The Supreme Court yesterday refused to be drawn into a Northern Virginia controversy that has sent sewerage bills soaring in the City of Manassas Park.
The court let stand a ruling by the Court of Claims that the federal government is not liable for the cost overruns on a new $82.3 million sewage plant in Prince William County that had to be upgraded to meet environmental regulations.
The justices refused to hear arguments by the city and the Upper Occoquan Sewage Authority from an order denying them more federal financing for the plant, the cost of which almost doubled because federal pollution rules were changed while it was under construction.
"I'm disappointed," said Manassas Prk City Attorney Charles S. Perry, who said the city will press its case for financial relief elsewhere.

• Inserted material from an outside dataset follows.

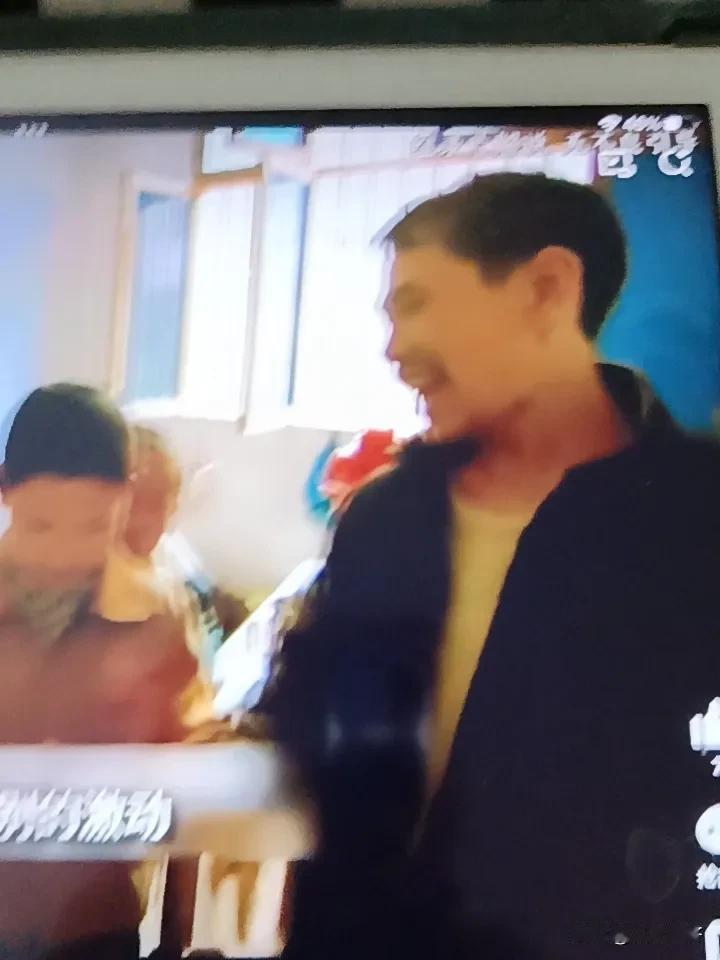 这世界上最奇葩的事情，无非就是父母拼命远离家乡，丢下自己的孩子，到可以赚钱的地方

Changes mandated by the Environmental Protection Agency caused some sewage bills in the community to double or triple, prompting protests and appeals to both Congress and the state government for financial aid. Sewage bills for many of the city's 1,900 residential customers range from $100 to $150 every two months, city officals said yesterday.
Some Manassas Park residents have complained the bills are so high that they not only have difficulty paying their bills, but their homes have become hard to sell.
Under the Clean Water Act, the Environmental Protection Agency is authorized to fund 75 percent of the cost of construction of publicly owned sewage treatment works. Since the EPA issued the regulations that forced revisions in the plant, the local governments sued the federal government seeking additional aid.
But the Court of Claims, a federal court that hears claims against the government, rejected the localities' arguments and the Supreme Court yesterday refused to review the case.